Say’s Law and the business cycle at SHOE

My likely final posting on this fascinating thread that began with my bring up Francois Hollande’s pointed comment on Say’s Law. The interesting thing for me to have seen in this instance is that others study the business cycle and find Say’s Law invisible. I began from examining Say’s Law and found its concepts an intrinsic part of the theory of the cycle.

Between Daniele Besomi and Barkley Rosser, I am beginning to get some idea why it is so hard for me to get my papers published.

But they are not the only ones who have published books on the classical theory of the cycle. I have my own as well, Free Market Economics: an Introduction for the General Reader (Elgar 2011). It’s an unusual title, perhaps, but I adopted it from Henry Clay’s Economics: an Introduction for the General Reader published in 1916, and after many reprints, with a second edition in 1942. My book is a cross between Clay, John Stuart Mill and a number of more modern features economic theory has picked up over the past century or so. I also teach Keynes, but those sections come with a skull and cross bones just so my students are warned about the dangers this kind of stuff can cause.

In this book I have a chapter on the classical theory of the cycle which is largely adopted from Haberler (1937) and then three more chapters explaining in more detail the nature of economic management using classical theory. But because I think of Say’s Law as the very core in understanding the cycle, what you see is the result of an enormous amount of additional reading on everything I could get my hands on about the pre-Keynesian theory of the cycle. In the days when I was starting my work on Say’s Law, I would tell people that I was working on classical business cycle theory because, as you know and can see from this thread, putting in a good word for Say’s Law is not apt to get you published or promoted. But I can do no other.

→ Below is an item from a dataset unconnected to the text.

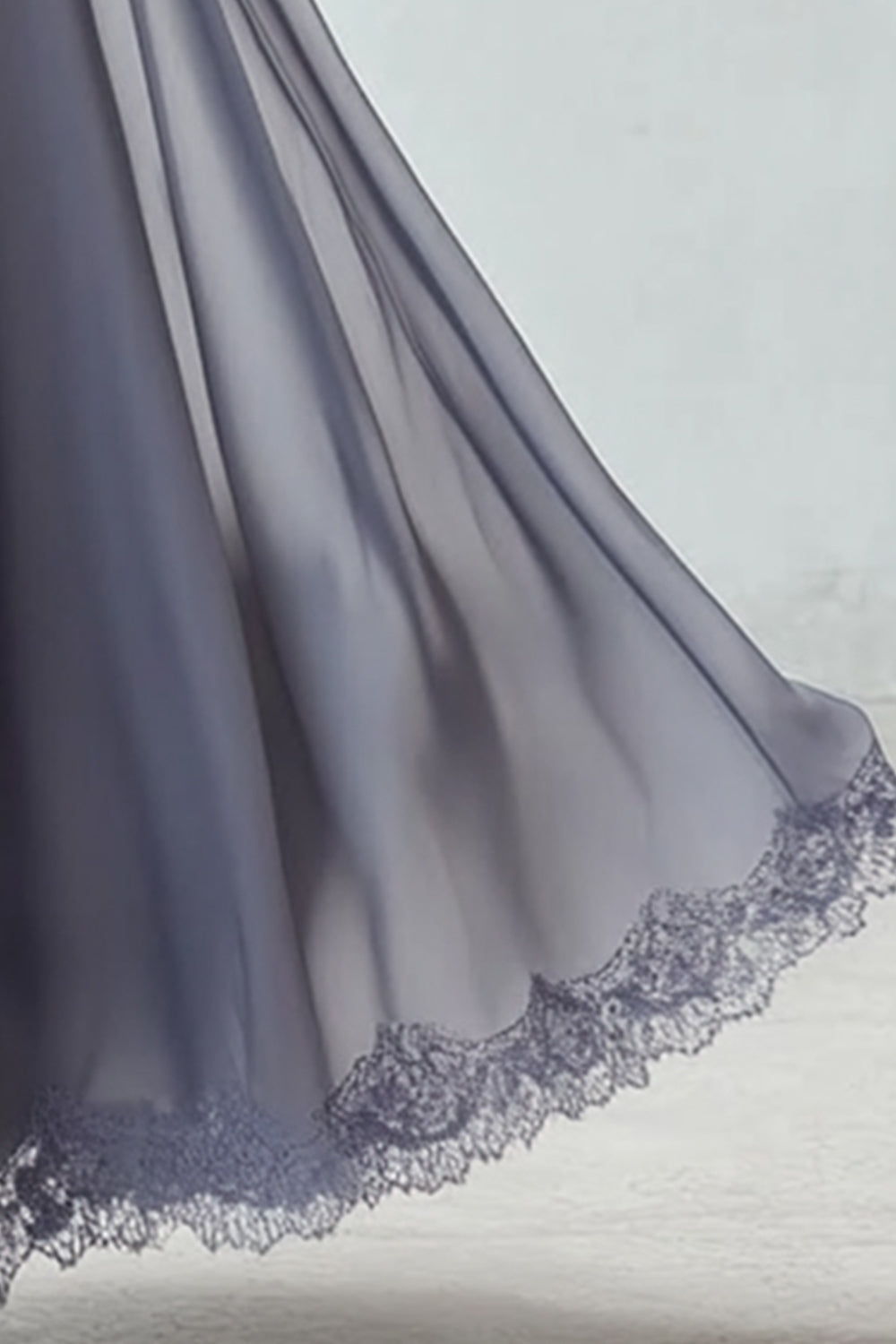 Staubblaues A-Linie Chiffon Spitze Brautjungfernkleid mit kurzen Ärmeln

So let us suppose you were interested in the classical theory of the cycle, who do you think would get you closer? Someone who accepts Say’s Law, agrees with Mill on his fourth proposition on capital, thinks Keynes was right when he stated that he had introduced aggregate demand into mainstream economics where it had never been before, and uses classical reasoning to argue, at the very moment the stimulus packages were introduced, that they would lead to exactly the kind of economic stagnation we find today.

Would you trust that person, or would you trust someone who thinks you can boil most of what the classical economists had said down to deficient aggregate demand, even when Ricardo has explicitly stated that demand deficiency is not a valid explanation for recession, while Keynes had argued that what he was doing was overturning Ricardian economics and bringing demand deficiency into economic theory.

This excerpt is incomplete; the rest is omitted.